Ma, se è così semplice, perché non si è già verificato? L’impressione è che il vero problema attenga ai rapporti tra i due che non si fidano l’uno dell’altro – Conte in particolare temerebbe che nel passaggio dal bis al ter Renzi cambi le carte in tavola e si dica indisponibile alla conferma dell’attuale premier – con la conseguenza di bloccare tutto (qui il commento di Gianfranco Rotondi).

SEMPRE CONTE, MA SENZA RENZI

Tutt’altro che da escludere appare poi un altro scenario, che fino a pochi giorni fa sarebbe stato impensabile. Ovvero, che Conte continui a guidare l’esecutivo ma in una maggioranza di cui non farebbe più parte Italia viva. In fondo, si tratta dell’ipotesi responsabili su cui si dice che il premier abbia fortemente lavorato nell’ultimo mese. Tutti l’hanno sempre esclusa senza se e senza ma, però, come la storia insegna, i cosiddetti responsabili si palesano pubblicamente solo nell’istante esatto in cui c’è bisogno di loro. Mai un minuto prima.

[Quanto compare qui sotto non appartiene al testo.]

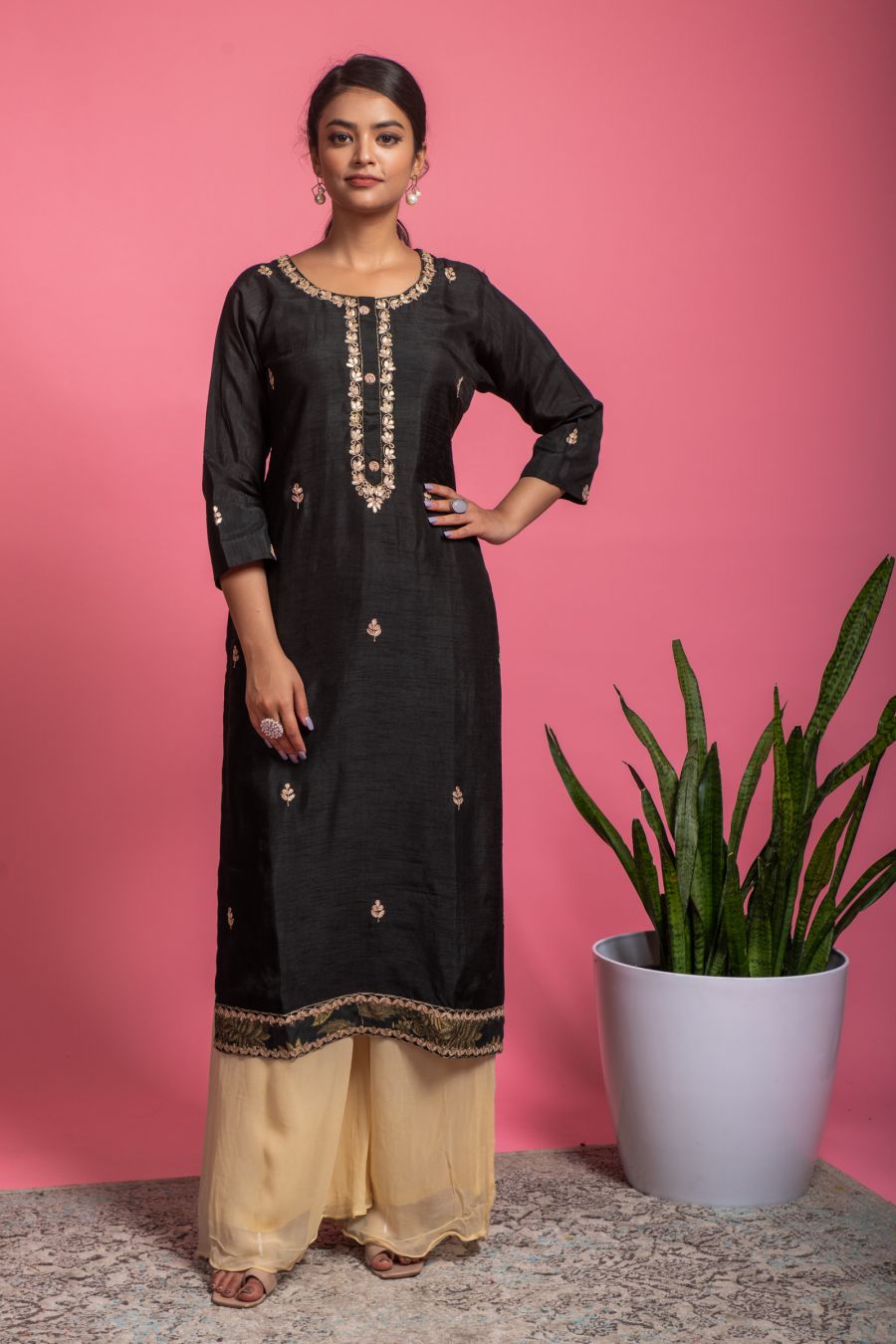 Dark Brown simple Kurti & Pant with Gotta Patti work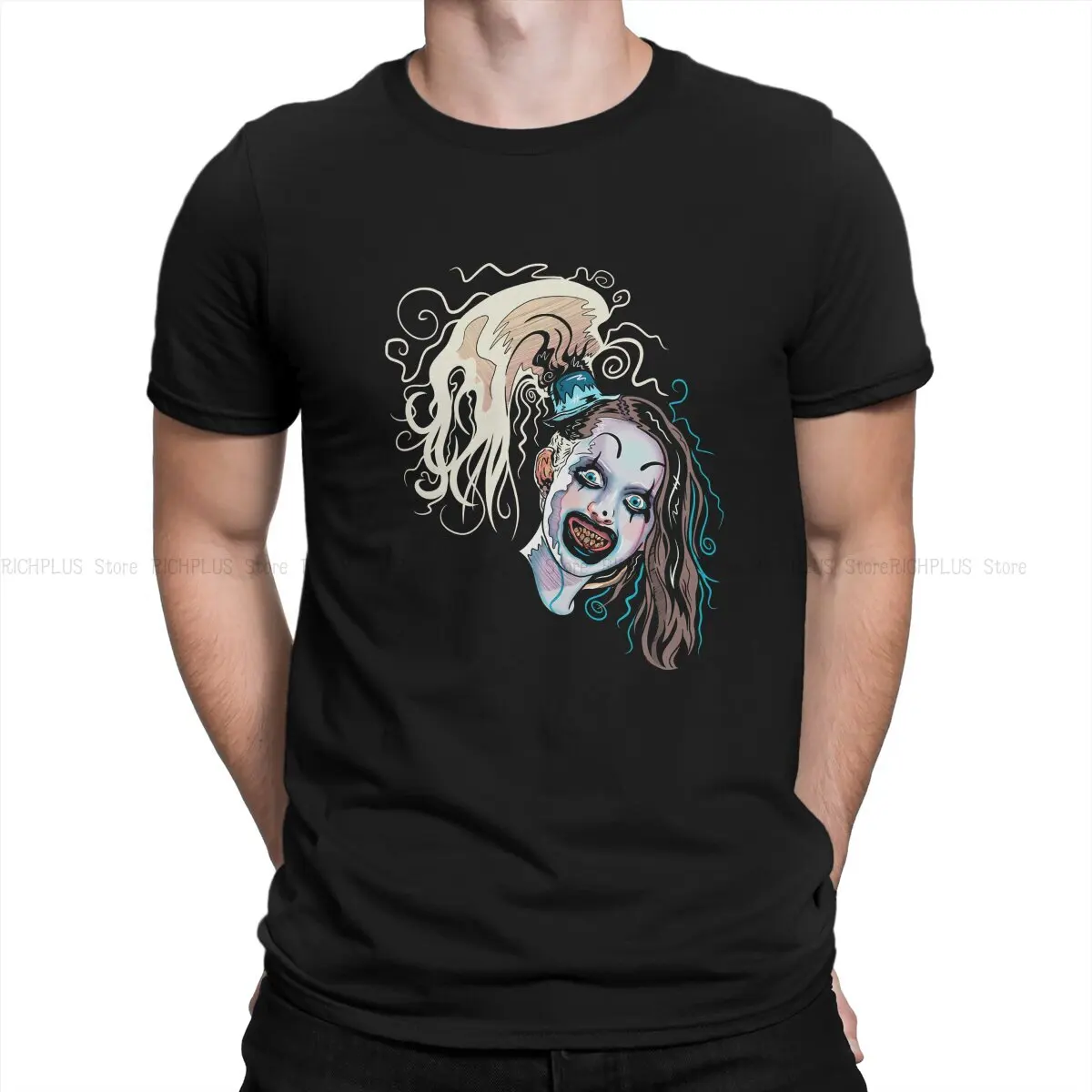 

Terrifier Horror Films TShirt Little Pale Girl Art The Clown Spooky Elegant T Shirt Oversized Men Tee Shirt Printing Big Sale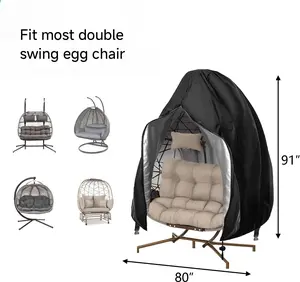 【Upgraded Patio Egg Chair Covers with Zipper, Wicker Egg Swing Chair Covers, Waterproof Heavy Duty Weather Resisatnt Outdoor Chair Cover, Windproof Hanging Chair Cover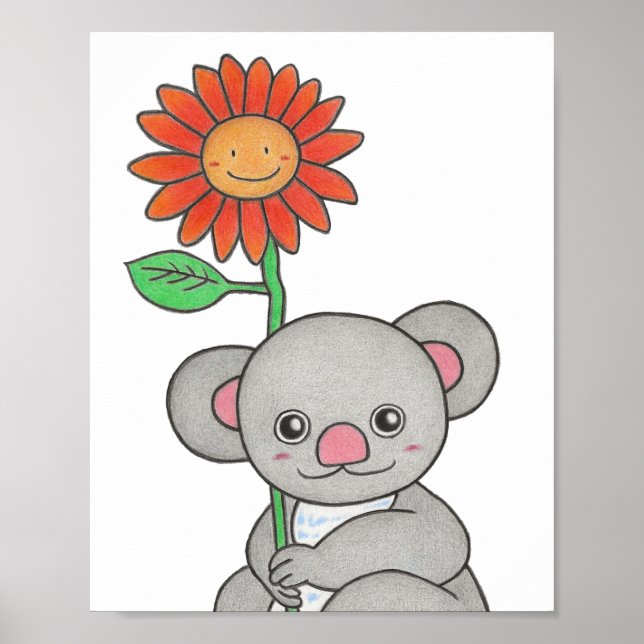 Poster Coala personalizada com flor (Frente)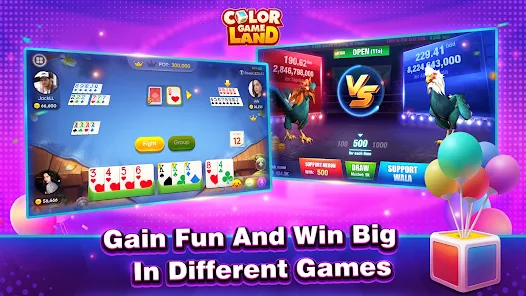 Color Game Land-Tongits, Slots Mod Скриншот 0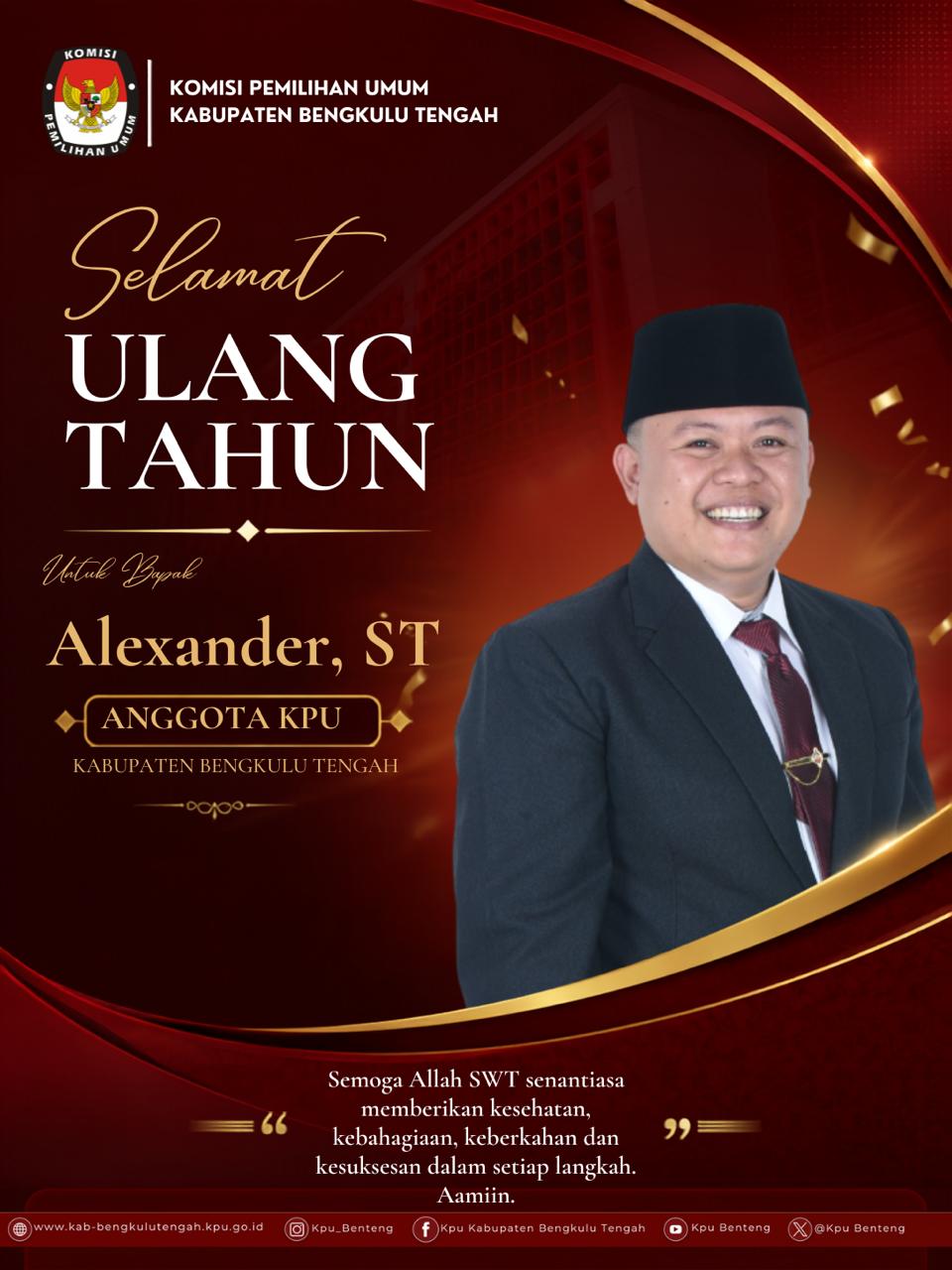 Sehat dan Sukses  Selalu Bapak Alexsander, S.T Divisi Parhubmas dan SDM KPU Kab. Bengkulu Tengah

E poi – come ha osservato stamattina Tommaso Labate sul Corriere della Sera – Conte appare troppo sereno, al punto da far temere a Renzi di aver già un’intesa con qualcuno: “Magari ha già un accordo con Berlusconi, magari c’è un pezzo di Forza Italia che gli ha già garantito i voti in Parlamento che verrebbero meno senza Italia viva: non riesco a spiegarmi altrimenti questa sua tranquillità”. Questa la dichiarazione riportata dal quotidiano diretto da Luciano Fontana. E in effetti da Palazzo Chigi sembrano fare sfoggio di calma, come pure il post di ieri affidato a Facebook parrebbe confermare.

BYE BYE GIUSEPPI, AVANTI IL PROSSIMO

Meno probabile, almeno secondo chi scrive, che si concretizzi questa eventualità, che cioè il governo vada avanti, sempre con la stessa maggioranza, ma senza Conte. Vorrebbe dire una vittoria su tutta la linea di Renzi che fin dal principio, e in realtà non da adesso, avrebbe coltivato l’obiettivo di una sostituzione a Palazzo Chigi. Complicato, però, visto come si sono messe le cose.

Trovare un altro nome di sintesi tra le varie forze politiche non sembra affatto facile e poi anche gli alleati di Italia Viva – che in un primo momento si era pensato stessero avvalendosi dell’ex presidente del Consiglio per esprimere pure la loro opinione – negli ultimi giorni si sono fatti sentire in difesa di Conte.

Basti pensare alle parole di Massimo D’Alema o all’intervista che questa mattina il ministro pentastellato della Giustizia Alfonso Bonafede ha affidato al Fatto Quotidiano: “Conte non si tocca, senza di lui c’è il voto. Crisi è da marziani”. Più sfumata, come spesso accade, la posizione del Pd: l’impressione, considerata anche l’ultima direzione nazionale, è che Nicola Zingaretti potrebbe non fare barricate a difesa dell’attuale premier a favore del quale, però, remerebbero convintamente molti dei maggiorenti Pd, a cominciare dal capo delegazione al governo e ministro per i Beni culturali Dario Franceschini.

VOTO E UNITÀ NAZIONALE: LE IPOTESI A CUI NESSUNO CREDE

Infine ci sono le ipotesi che spesso tornano nelle dichiarazioni pubbliche o nelle paginate dei quotidiani ma a cui poi, effettivamente, in pochissimi credono per via dell’oggettiva difficoltà di darvi luogo.

Prendiamo il governo di salute pubblica guidato da Mario Draghi o chi per lui (si guardi anche alla voce Carlo Cottarelli): è molto complicato che possa realizzarsi perché la maggioranza dei partiti semplicemente non lo vuole, perché indisponibile a governare con l’altra parte politica o ad accettare la cessione di potere che una scelta del genere inevitabilmente imporrebbe.

Per non parlare dell’ipotesi elezioni che prima di tutto non sta in piedi sotto il profilo sanitario. Con l’emergenza ancora in fase così acuta – con la possibilità concreta che possano slittare le prossime regionali in Calabria e le amministrative di primavera – è possibile solo pensare che si possa tornare a breve alle urne? Effettivamente no, salvo cataclismi difficili da prevedere e certo non auspicabili.